Wednesday, November 18, 2009

Worth Doing Well

One of the things I enjoy about taking tea is that it can be done anywhere and anytime. Whether in a formal tea salon with others or alone in a favorite quiet corner at home, tea allows one to forget everything at least for as the cup needs refilling. Again, the key point is not how you do it but that you do it.

Like all children, I learned about taking tea from the adults who surrounded me. I must also say that I was blessed to grow up around phenomenonal women who knew how to take the ordinary and turn it, seemingly effortlessly, into the extraordinary. Each had her own style, but style was the common thread. Anything worth doing, I learned, was worth doing well.


Whenever someone would visit, either expected or unexpected, refreshments were offered. Often the kettle would be filled with cold water and placed over a gas pilot to boil.
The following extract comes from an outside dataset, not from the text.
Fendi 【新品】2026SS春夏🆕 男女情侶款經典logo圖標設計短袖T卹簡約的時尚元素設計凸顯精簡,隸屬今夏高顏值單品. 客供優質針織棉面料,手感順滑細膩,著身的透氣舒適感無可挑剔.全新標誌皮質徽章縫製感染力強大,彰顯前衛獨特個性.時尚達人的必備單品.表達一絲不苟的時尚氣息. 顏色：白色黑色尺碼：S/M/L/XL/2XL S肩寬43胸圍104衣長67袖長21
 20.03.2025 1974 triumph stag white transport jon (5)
While waiting for the unmistakable kettle whistle, the visitor was invited to sit down to table. Then my grandmother, aunt, or mother would go about preparing tea and refreshments.

As our guest watched my relative make the preparations, the visitor would become visibly more relaxed and then the talking began. At this point, I would ask to be excused (before being asked to excuse myself). From the next room, I could hear the sounds of punctuated laughter. This sound let me know that whatever brought the visitor upon arrival, the tea and company would help our guest feel better upon departure.

Once Upon an Oolong

Curiosity is a strong indicator that our brain cells have not yet died. As long as we still have active brains, then learning is possible. However, humility must accompany curiosity because it takes humility to recognize and to admit that there is something to learn.

So it was with my curious colleague friend. A journalist by trade, she knew that I "liked" tea but readily admitted that she knew nothing about it. However, she wanted to learn about tea. A new tea convert?! How could I refuse? I promptly extended her an invitation to her first tea tasting.

In my experience, once someone tastes a properly prepared cup of tea, then their perspective about the drink and its customs alters considerably. For such a momentous occasion, I wanted to immerse my inquisitive comrade in tea culture.


Flushing, located in the New York borough of Queens, is home to 173,826 residents, 43.1% of which identified themselves as Asian during the 2000 United States Census. Those who seek authentic Asian cuisine (e.g. Thai, Malaysian, Indian, Chinese, Korean, etc.) make the 10-mile journey from Manhattan to Flushing, an easy 7 subway train ride to Main Street - Flushing.

Stepping down into Luh Yu Tea Emporium, we were warmly greeted by owner Annie Ro and Luh Yu's display of clay teapots. Once I explained our mission -- introduce my friend to our world of tea -- then the exploring began. We drank and savored Bi Lo Chun (green), Dong Ding Oolong and a Yunnan so spectacular that no one noticed the rain that started pouring profusely outside; we busied ourselves with drinking tea profusely inside. Our conversation covered several topics: tea origin, Chinese medicine, massage, benefits and customs. My participation surprised Annie, who pronounced me "half Chinese" and shared her local restaurant favorites.

Since then, I'm happy to say that my colleague friend now properly prepares her green tea, complete with rinsing the leaves, not boiling the water and warming the pot. Thanks to fellow tea enthusiasts, another person has been rescued from the perils of tea ignorance.